Sternchen ist ein wenig enttäuscht von dem einfachen Marmorkuchen, der auf dem
Küchentisch steht. „Noch warm?“, fragt sie. „Wie du ihn am liebsten hast.“
Schnuppe schneidet an. Mit der nächsten Frage schneidet er ihr mitten rein ins
Pflichtenfleisch: „Warum schaltest du das Ding nicht einfach ab?“ Sternchen
schaufelt Marmorkuchen ins lose Mundwerk, um es abzudichten. Sonst könnte dem
Brüderlein etwas um die Ohren fliegen. Nur kein Kuchen. „Deine Illusion über
freie Entscheidungen.“ „Ist ganz brauchbar.“ „Außer wenn man sie braucht.“ „Du
machst es für dich. Wenn es dir nichts mehr bringt, lässt
du es eben sein.“ „Es hat mir noch nie was gebracht. Ich musste es machen.“ „Müssen kommt von
Mus.

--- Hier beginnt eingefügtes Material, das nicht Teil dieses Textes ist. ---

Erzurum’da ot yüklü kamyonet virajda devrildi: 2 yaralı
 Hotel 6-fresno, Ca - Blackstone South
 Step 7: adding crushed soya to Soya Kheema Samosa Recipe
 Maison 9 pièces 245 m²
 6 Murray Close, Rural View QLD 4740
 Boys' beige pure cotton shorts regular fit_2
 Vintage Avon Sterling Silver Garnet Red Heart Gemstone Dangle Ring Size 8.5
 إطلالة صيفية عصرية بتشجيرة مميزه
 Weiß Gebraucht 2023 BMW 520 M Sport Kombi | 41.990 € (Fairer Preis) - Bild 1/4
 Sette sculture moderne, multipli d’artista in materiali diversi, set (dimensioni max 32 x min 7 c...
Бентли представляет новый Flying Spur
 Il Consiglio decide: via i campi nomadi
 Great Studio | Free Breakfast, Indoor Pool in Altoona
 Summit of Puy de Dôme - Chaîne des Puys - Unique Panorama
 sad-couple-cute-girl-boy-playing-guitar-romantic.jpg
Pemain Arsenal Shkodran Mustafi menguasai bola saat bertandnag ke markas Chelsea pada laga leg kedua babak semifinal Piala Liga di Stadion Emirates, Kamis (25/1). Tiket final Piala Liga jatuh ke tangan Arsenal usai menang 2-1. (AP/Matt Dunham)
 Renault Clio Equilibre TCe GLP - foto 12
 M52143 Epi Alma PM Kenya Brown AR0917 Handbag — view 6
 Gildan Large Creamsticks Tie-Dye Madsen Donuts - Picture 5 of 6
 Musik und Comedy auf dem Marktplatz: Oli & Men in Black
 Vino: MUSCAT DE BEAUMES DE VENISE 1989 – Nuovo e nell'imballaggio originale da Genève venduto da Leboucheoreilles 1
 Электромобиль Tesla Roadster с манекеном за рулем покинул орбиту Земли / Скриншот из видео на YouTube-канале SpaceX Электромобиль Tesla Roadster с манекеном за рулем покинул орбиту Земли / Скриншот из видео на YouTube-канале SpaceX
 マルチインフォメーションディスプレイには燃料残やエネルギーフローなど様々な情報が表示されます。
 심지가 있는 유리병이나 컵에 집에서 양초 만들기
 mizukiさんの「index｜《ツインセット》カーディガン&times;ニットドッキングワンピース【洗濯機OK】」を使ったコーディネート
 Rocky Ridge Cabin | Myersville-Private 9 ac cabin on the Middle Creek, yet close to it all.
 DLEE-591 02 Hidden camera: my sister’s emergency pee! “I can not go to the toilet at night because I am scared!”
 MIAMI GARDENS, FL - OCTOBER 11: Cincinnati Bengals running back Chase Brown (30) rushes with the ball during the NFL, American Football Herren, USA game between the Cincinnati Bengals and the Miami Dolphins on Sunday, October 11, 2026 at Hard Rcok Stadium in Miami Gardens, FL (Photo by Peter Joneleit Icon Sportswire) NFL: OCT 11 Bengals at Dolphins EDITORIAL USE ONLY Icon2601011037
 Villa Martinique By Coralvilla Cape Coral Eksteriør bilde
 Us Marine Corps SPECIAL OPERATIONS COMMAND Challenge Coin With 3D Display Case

In der Birne.“ „Aus Birne.“ „Ich kann dir ja den Stecker rausziehen. Wenn
du´s allein nicht schaffst.“ „Das läuft ziemlich lang auf Batterie.“ „Oder den
Router abklemmen.“ „Wag es nicht.“ Sternchen droht ihm mit der Kuchengabel. Es
wäre aber eine Möglichkeit. Sich mal vom Netz nehmen lassen. Schafft sie das
alleine wirklich nicht? Schnuppe schlägt seine Gabel an die ihre. Es klingt hohl. „Du machst
es, solange du Mus hast. Oder Muse. Später kommt was anderes.“ „Wenn, dann...“
„So fing mal ´ne Reihe von Gedichten an.“ „Erinnere mich bloß nicht.“
„Was
ganz anderes: Ich hab´ da einen Typ kennengelernt.“ „Bademeister?“ Sternchen
macht ein Fragezeichengesicht. „Hätte ich dir mal gegönnt. Einen
Bademeister-Typen. Oder Fitnesstrainer.“ „Die überlass ich dir.“ Schnuppe
pfeift. „Danke sehr. Ich mag vor allem, wenn sie nicht lesen.“ „Du bist
ein Drecksack, Schnuppe.“ „Wieso? Der ganze Stress. Das Gequatsche über
Literatur. Das hab ich schon mit dir. Das reicht mir.“ Sternchen lacht. „Er
liest. Aber ich glaub´ nicht, dass es was wird.“ Jetzt setzt Schnuppe sein
Fragezeichen auf. „Er liest so Sachen. Und er kennt Jane Austen
nicht.“ Schnuppe lacht. „Also, was: Liest Sachbücher über den tropischen
Regenwald, oder was?“ „Nee, der liest schon Literatur. Aber Austen nicht.“
„Ein Mann, der liest, aber nicht Austen liest. Nee, ehrlich, das geht gar nicht.“ „Außer er ist Bademeister oder
Fitnesstrainer oder noch ganz jung und niedlich, wie Tom in ´Metropolitan´.“
„Schnuckelig.“ "Das ist aber jetzt ein Insider-Joke." Sternchen droht Schnuppe mit dem Zeigefinger. Schnuppe zuckt mit den Achseln. "Ist ja sonst keine hier."„Sternchen winkt ab. „Weißt du,
ich habe mich noch nie in einen Typen verliebt, der Fitzwilliam Darcy nicht
zitieren kann. Und liest, meine ich. Wenn er Atomphysiker ist, isses egal.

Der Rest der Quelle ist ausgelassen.